# Nak PA-350 Repair



## ryanr7386 (Feb 21, 2011)

Anyone repair Nak Amps in here? I have a Nak PA-350 that i think has a bad power supply perhaps. No output other than some "pips" sounds in the output. Maybe bad caps as well.

I would attempt but time is getting limited do to new employment and working out of town.

Hit me up if you can assist. Or can lend a thought as to what it might be.

Rick


----------



## daveds50 (Jun 10, 2011)

ryanr7386 said:


> Anyone repair Nak Amps in here? I have a Nak PA-350 that i think has a bad power supply perhaps. No output other than some "pips" sounds in the output. Maybe bad caps as well.
> 
> I would attempt but time is getting limited do to new employment and working out of town.
> 
> ...


 amp that old will likely require a complete rebuild. no doubt after all these years, it will require new caps. but it could have more problems than that.


----------



## ryanr7386 (Feb 21, 2011)

daveds50 said:


> amp that old will likely require a complete rebuild. no doubt after all these years, it will require new caps. but it could have more problems than that.


Ya, won't know till its opened up and inspected. Looking for a repair shop/person that's capable.


----------



## daveds50 (Jun 10, 2011)

ryanr7386 said:


> Ya, won't know till its opened up and inspected.
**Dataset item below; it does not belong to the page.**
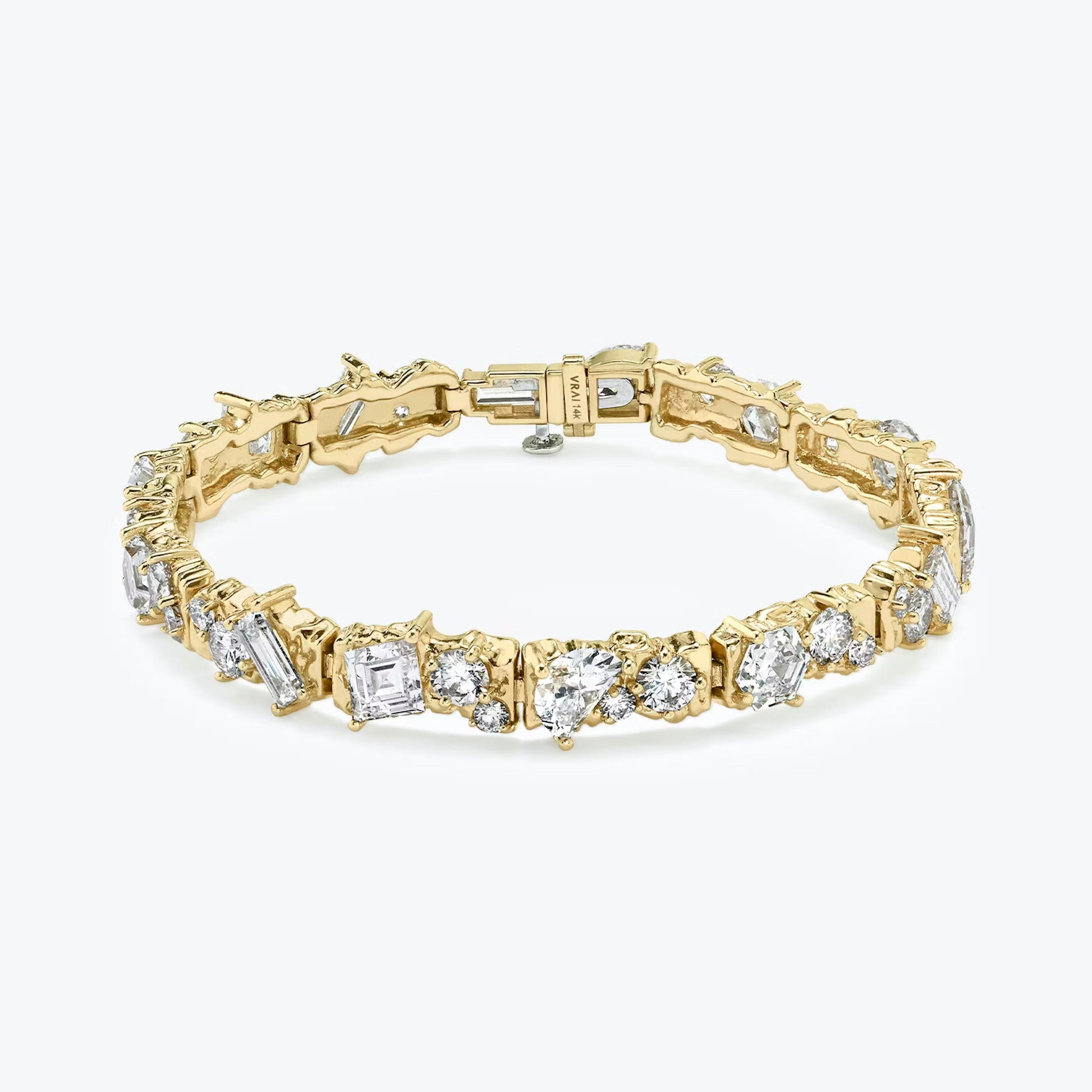 Multi Lab Grown Diamond Unity Bracelet, EF Color, VS Clarity, IGI Certificate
Looking for a repair shop/person that's capable.


 well, i could do it... but you have to ask yourself if it is worth doing. likely it will take more than it is worth. a complete fix, rebuild, and go through will probably be somewhere in the $60-$80 range plus shipping both ways. i had one of those when they were new, and would say that it is not worth that much... at least i personally would not pay anywhere near that. 

best to find a working one for less if you can and use it while it lasts.


----------



## ryanr7386 (Feb 21, 2011)

I'll PM u Sunday and we can discuss.


----------